How to Format a Number as a Currency in Javascript

There are quite a few ways to format a number as a currency value in Javascript.

Doing it yourself

The easiest of which is that of using the built-in toFixed() method.

Often times you will either have a string, integer or floating-point number (/double) and will need to output a value that looks like a currency.

So this: 12345.67120398 should become this: 12,345.67.

Let’s take the following example:

var yourBalance = 2489.8237;

//returns 2489.824 (rounds up)
yourBalance.toFixed(3);

//returns 2489.82
yourBalance.toFixed(2);

//returns 2489.8237000 (pads the decimals)
yourBalance.toFixed(7);

But what about formatting the “thousands”, or “millions” sections?

A winning short and fast solution would be to use the following:

// input: `12345.67`
(12345.67).toFixed(2).replace(/\d(?=(\d{3})+\.)/g, '$&,');

// output: `12,345.67`

If we run the above short and fast solution against a range of values, we can see how it plays out in the following output:

1        --> "1.00"
12       --> "12.00"
123      --> "123.00"
1234     --> "1,234.00"
12345    --> "12,345.00"
123456   --> "123,456.00"
1234567  --> "1,234,567.00"
12345.67 --> "12,345.67"

This is pretty good, so let’s go one step further and create a more sophisticated prototype function we can use on all Number types:

Number.prototype.format = function(len, w_part, s_delim, c_delim) {
var re = '\\d(?=(\\d{' + (w_part || 3) + '})+' + (len > 0 ? '\\D' : '$') + ')',
        num = this.toFixed(Math.max(0, ~~len));

    return (c_delim ? num.replace('.', c_delim) : num).replace(new RegExp(re, 'g'), '$&' + (s_delim || ','));
};

Now we get to use our new Number prototype extension method:

12345678.9.format(2, 3, '.', ',');
// "12.345.678,90"

12345678.9.format(0, 3, '-');
// "12-345-679"

123456.789.format(4, 4, ' ', ':');
// "12 3456:7890"

Using ECMAScript Internationalization API

There is a newer ECMAScript functionality provided by the Internationalization API.

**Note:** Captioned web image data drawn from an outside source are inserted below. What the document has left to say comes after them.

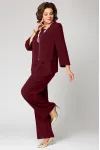 Костюм Мишель стиль 1342 винный Костюм Мишель стиль 1342 винный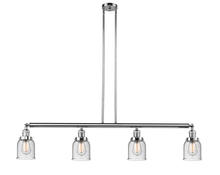 Innovations Lighting 214-PC-G54-LED - Bell - 4 Light - 50 inch - Polished Chrome - Stem Hung - Island Light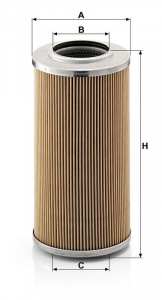Hydraulický filtr MANN MF H1387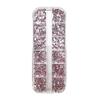12 Grid Shimmering Nail Art Rhinestones, Flatback Gemstones for Versatile Decoration - Nails Shoes Makeup Bags (Rose red) view 1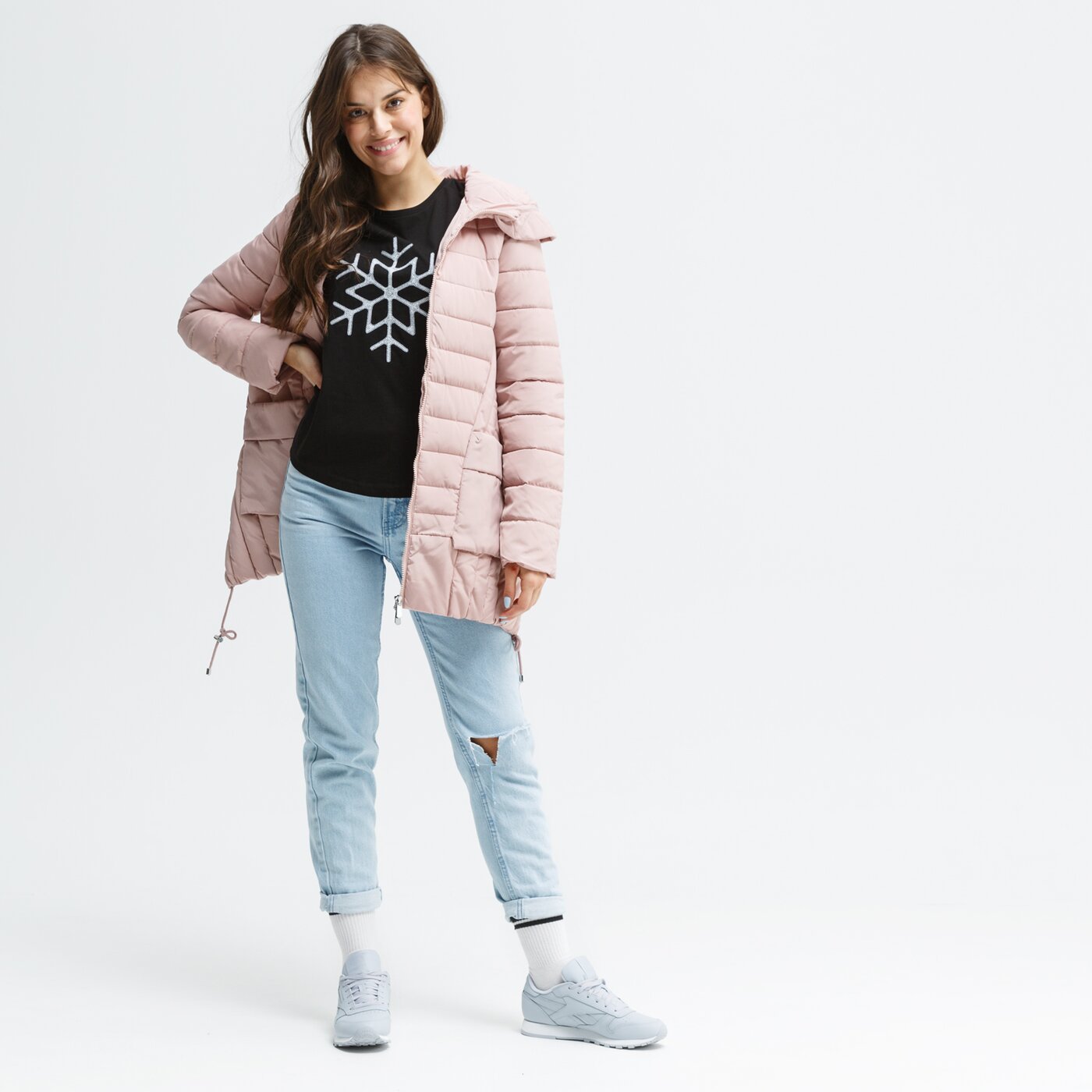 Koszulka damska FEEWEAR T-SHIRT FROSTY fw39tsd23001 kolor czarny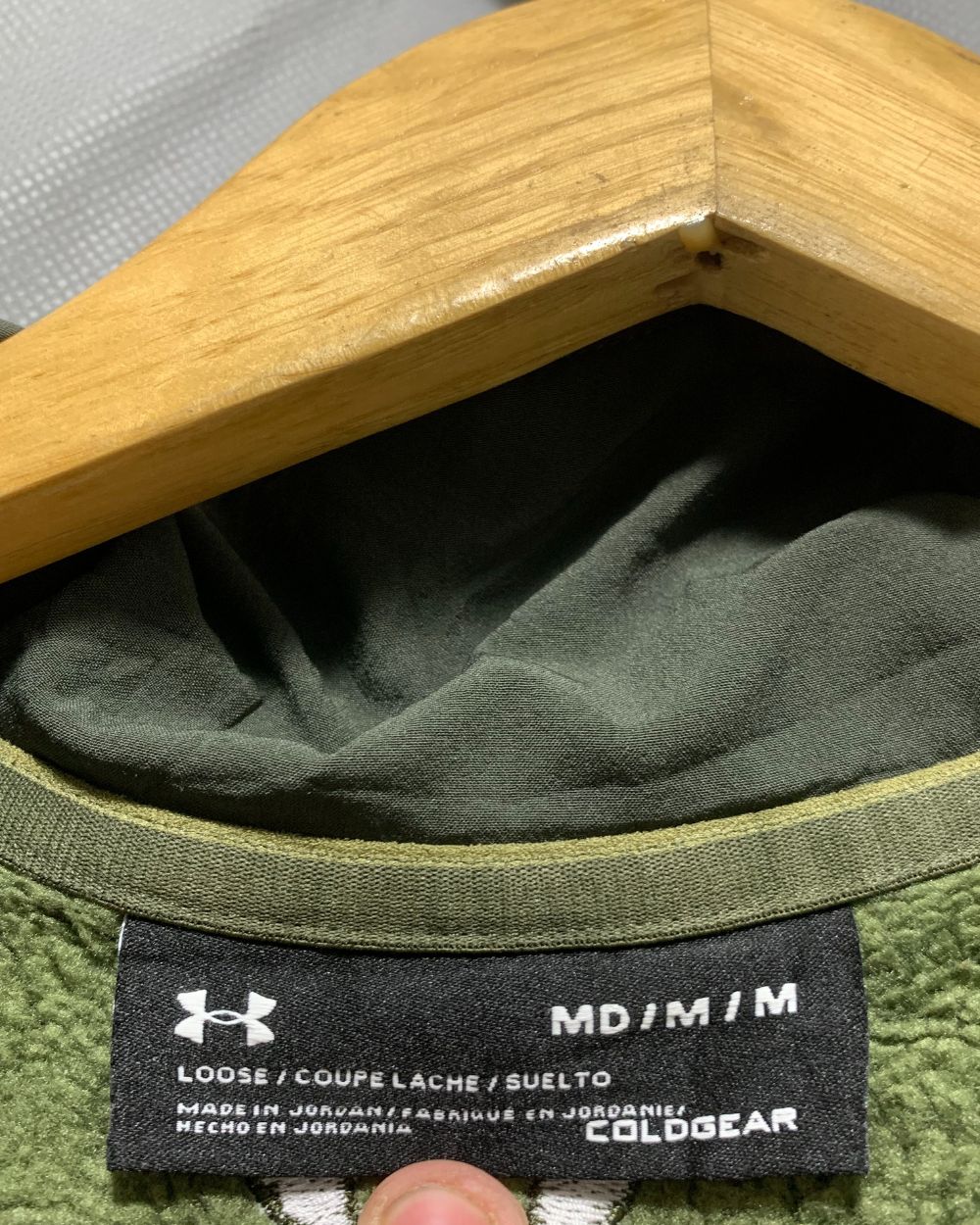 Under Armour Green For Men Sweatshirt  M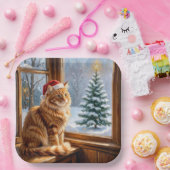 Weihnachts-Gingermaus Pappteller (Party)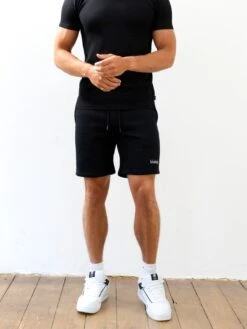 Sami Relaxed Jogger Shorts - Black -Blakely 2527IMBLACKD 4
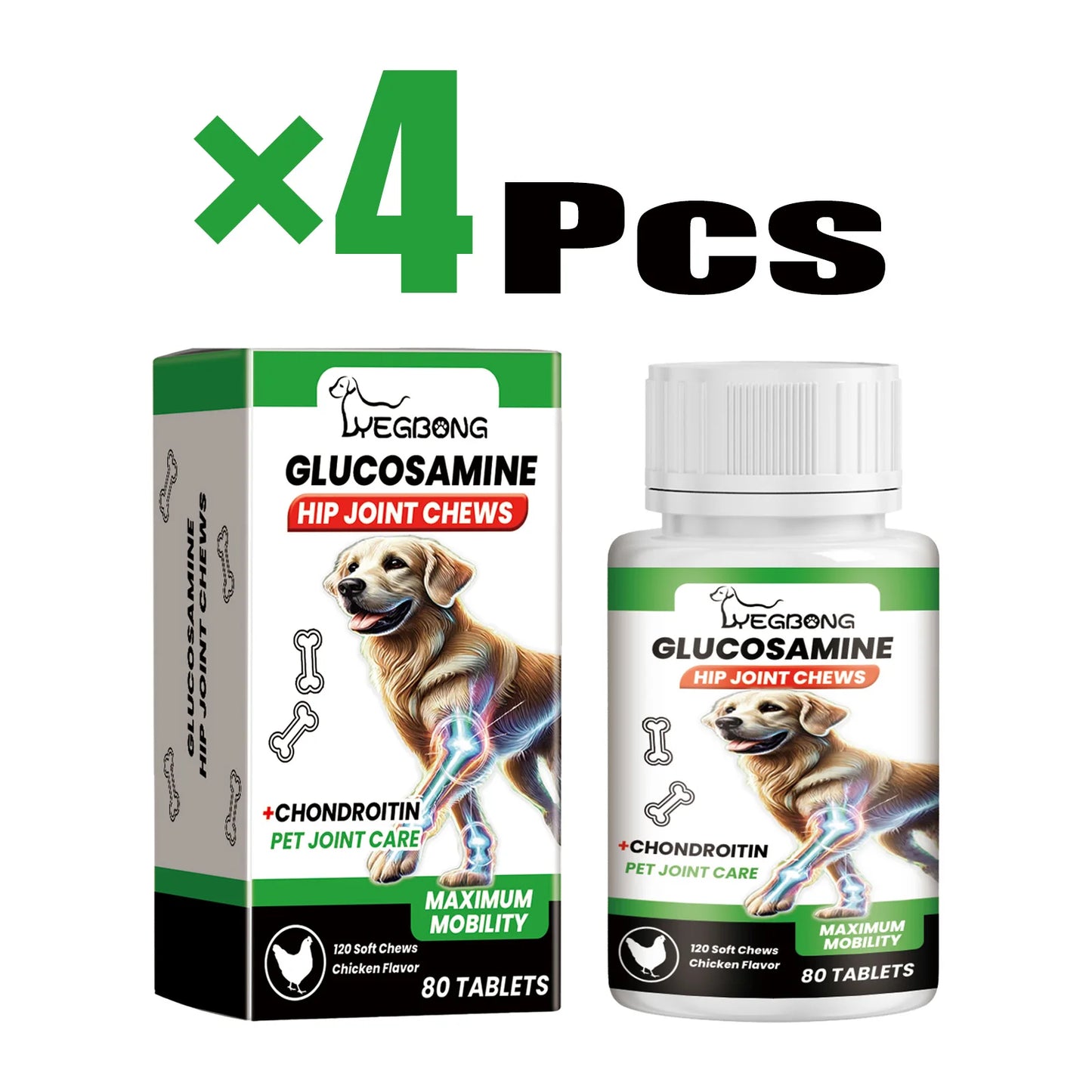 Pet Joint Care Tablets Various Nutrients for Dog Relieve Joint Discomfort Maintain flexibility Strengthen Bones Dog Supplies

const formatter = new Intl.NumberFormat('en-US', {
  style: 'currency',
  currency: 'USD',
  minimumFractionDigits: 2
})

// "$1,000.00"
formatter.format(1000);

// "$10.00"
formatter.format(10);

// "$1,234,567,890.00"
formatter.format(1234567890);

The same can be done for other currencies too.

You can explore it a bit here for the Intl.NumberFormat from Mozilla.